On 4/7/07, Christoph Hellwig <hch@...radead.org> wrote:
> It's not going to solve anything at all.  We can't stop supporting
> functionality that has been there forever.

Not necessarily.

One problem here is that the interface for using readdir() with and
without telldir()/seekdir() is the same.  A second problem is that the
functionality is universally required.  Both of these problems can be
addressed.

For the second problem, I certainly could imagine that making the
functionality to to use seekdir()/telldir() optional.  It might be
hard in POSIX but this does not mean anything about implementations.
Implementations just have to provide a way to allow these functions to
be used.  It does not mean it always and everywhere has to work.  What
this means is that if, for instance, a filesystem would be (for now)
be able to have a mount option to not allow seekdir()/telldir() the
system still can conform to POSIX.  At the same time we can gather
information as to whether seekdir()/telldir() are really needed.  I
personally think the number of apps which depend on this functionality
is miniscule.

Using a mount option isn't the nicest solution, though.  If a
filesystem can support seekdir()/telldir() the better solution from
the userlevel API POV would be to provide a better, alternative
interface.  Maybe an alternative opendir() call (opendir2?) which
takes a second parameter as to whether seeking is needed or not.  Then
this opendir2() function can use a new getdents() syscall and return
the entries.  The difference would be that if the user wants to use
seekdir()/telldir() the userlevel code would cache the old results and
the seekdir()/telldir() handling would be entirely at userlevel.

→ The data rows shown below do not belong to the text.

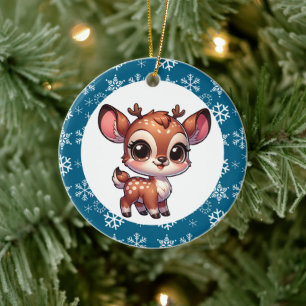 Personalised Cartoon Chibi Reindeer Christmas Ceramic Tree Decoration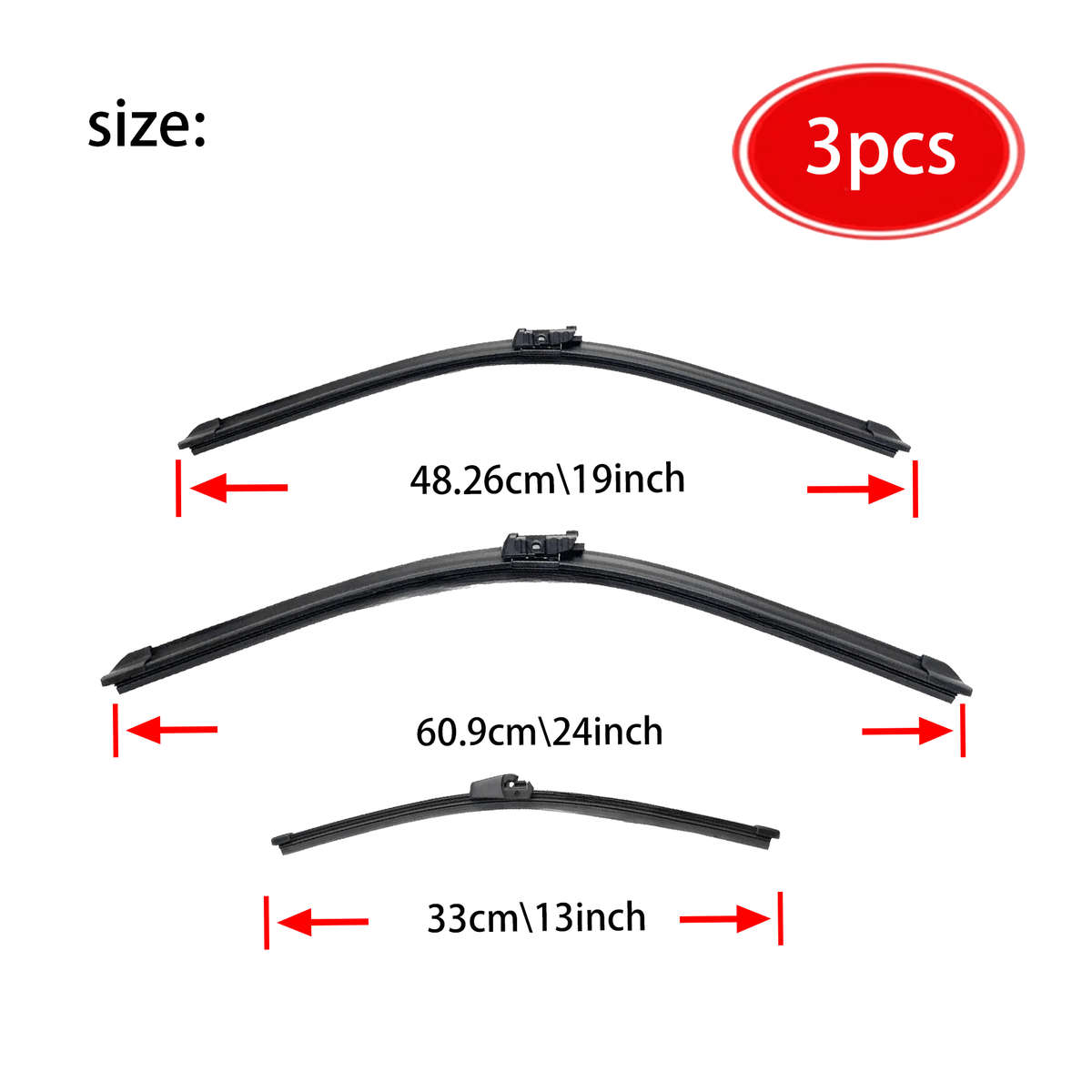 Windshield Wipers Quantity 3Pcs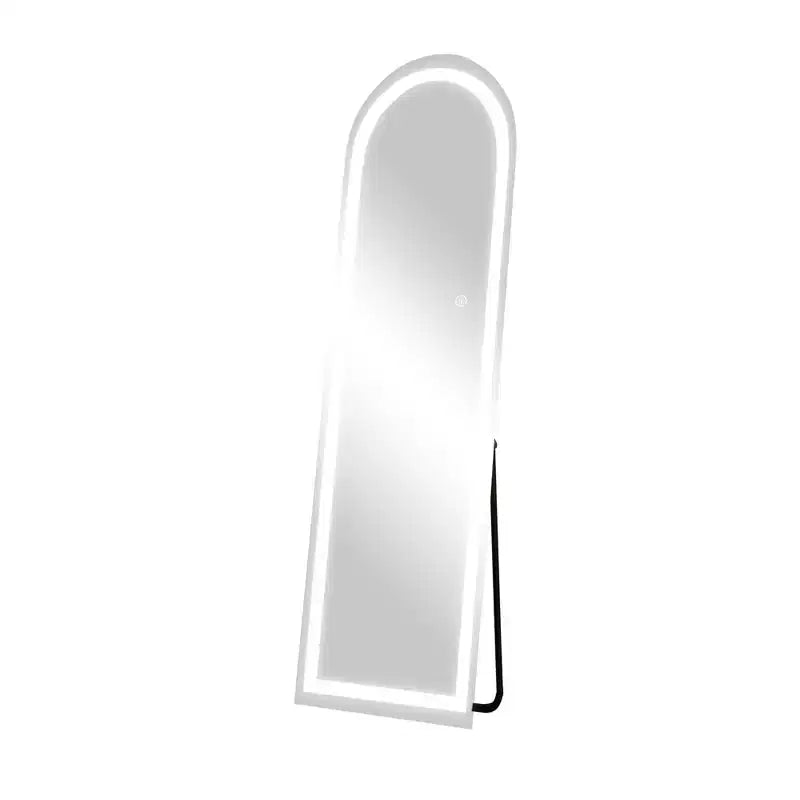 Miroir sans cadre en alliage d'aluminium en forme d'arche pleine longueur avec support pour salon et chambre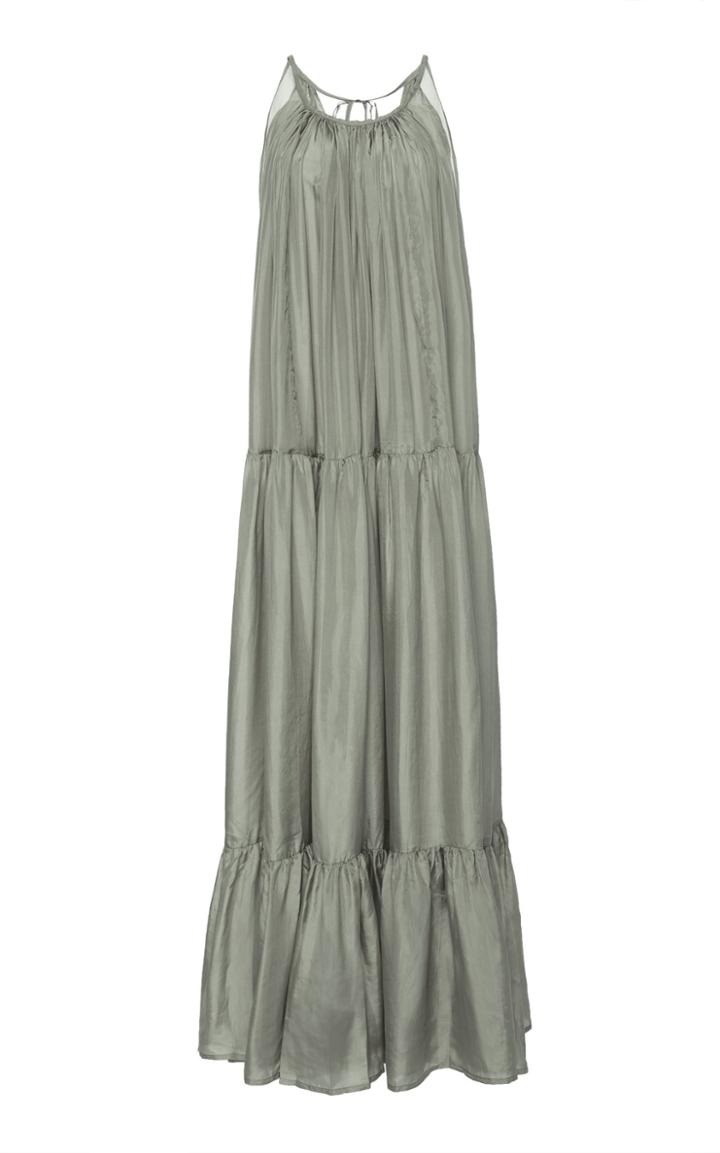 Kalita Genevieve Tiered Habotai Silk Maxi Dress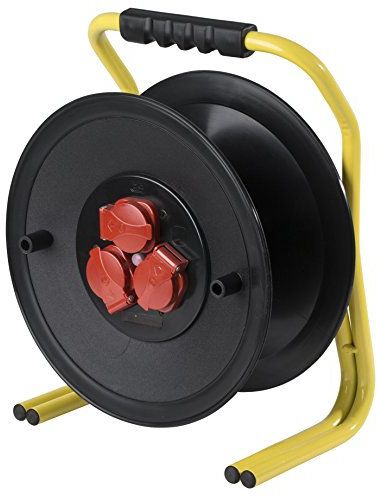 as-Schwabe 20620 - Avvolgicavo professionale vuoto per cavi da ca. 50 m, Ø 320 mm, IP44, per cantieri e ambienti di lavoro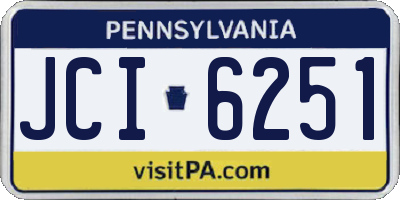 PA license plate JCI6251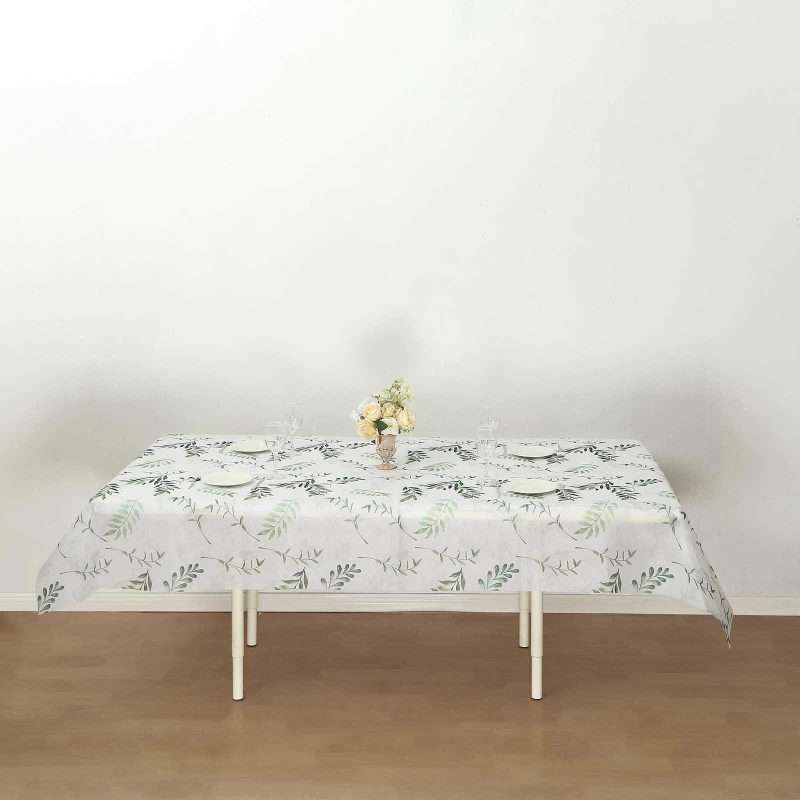 White Green Non-Woven Rectangular Tablecloth With Olive Leaves Print, Spring Summer Dining Table Cover – 60″x102″  |   Disposable Tablecloth Disposable Tablecloth Disposable Tablecloth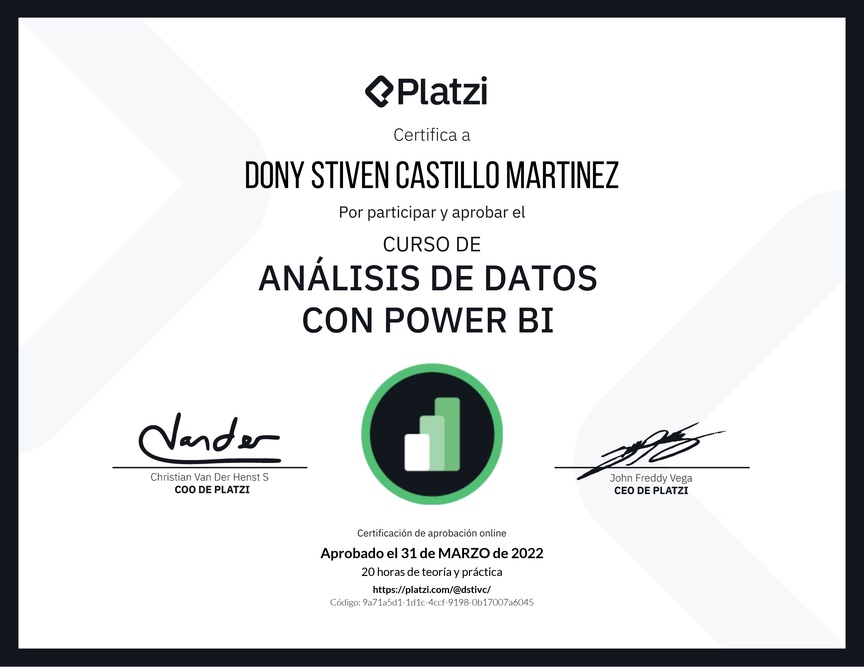 Diploma del Curso de Análisis de Datos con Power BI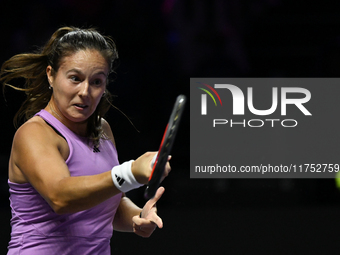 RIYADH, SAUDI ARABIA - NOVEMBER 07: Daria Kasatkina during her match against Iga Swiatek of Poland, on Day 6 of the 2024 WTA Finals, part of...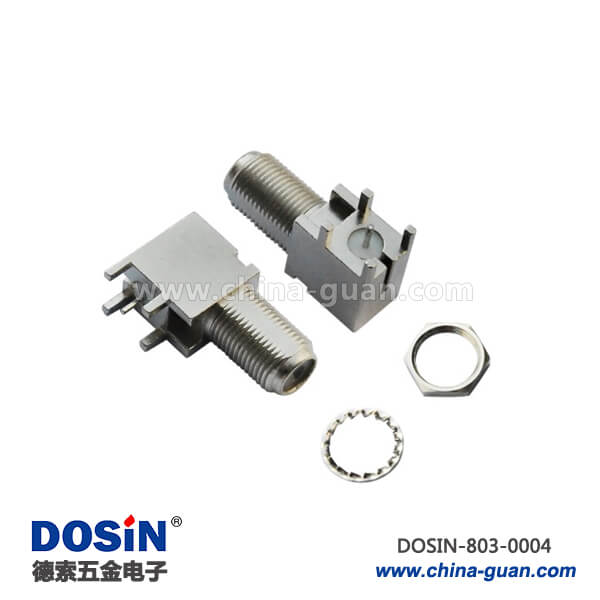 803-0004 pcb 連接RF射頻同軸F頭鋅合金彎式母頭穿墻連接器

It's not a good idea to make this the default behavior for the old
opendir() since the vast majority of the current users don't want to
seek and therefore the caching would significantly impact the
performance.  With the extra argument saying when caching is needed
this is no problem anymore.  Over time people would migrate off of
opendir() and towards opendir2() (with some "careful" encouragement)
and the whole problem will go away.

And the best: this is certainly a path I can see being viable for
POSIX.  But it requires that we have
a) established existing practice
b) shown the impact is really low

So, I think it would be great to get started writing this new getdents
call.  Yes, for now it means maintaining two separate versions.  If
all goes well those filsystems which feel a high burden can simply
stop supporting the old syscall or at least the seek functionality.